Friedrich Lange
From Philosopedia
Lange, Friedrich Albert (28 September 1828 - 23 November 1875)
Lange, whose father was theologian Johann Peter Lange, was a German neo-Kantian philosopher, author of Gesckhichte des Materialismus und Kritik senier Bedeutung in der Gegenwart (1866; tr. A History of Materialism, 3rd ed., 1950).
In its introduction, Bertrand Russell wrote that Lange was “an opposite of the Kantian view of the world.” Lange held that materialism is unable to explain consciousness and is refuted, on scientific grounds, by the psychology and physiology of sensation, which shows that the world studied by physics is a world dependent upon our modes of perception, not a world existing independently on its own account.

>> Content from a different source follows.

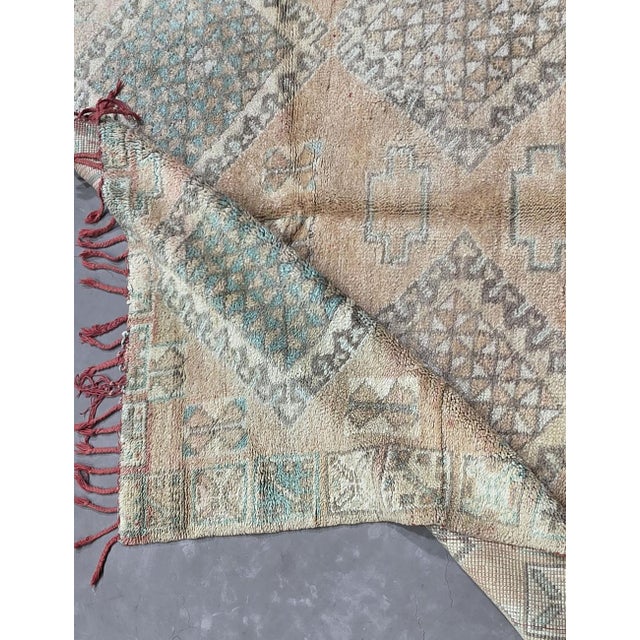 Mid Century Moroccan Wool Rug - 9.4 X 5.9 Ft For Sale In Cleveland - Image 6 of 8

Lange praised Nietzsche’s first major work, The Birth of Tragedy Out of the Spirit of Music (1872), but, according to Gordon Stein, was unsympathetic to materialism.
Lange’s view on Pantheism included the thought that some truths of nature are not only unknowable but also unverifiable. Consciousness he regarded as subjective experience, not just the effect of matter.
Lange was one of the originators of neo-Kantianism and important as one of the founders of the Marburg school of neo-Kantianism. Also, he played a significant role in the German labor movement.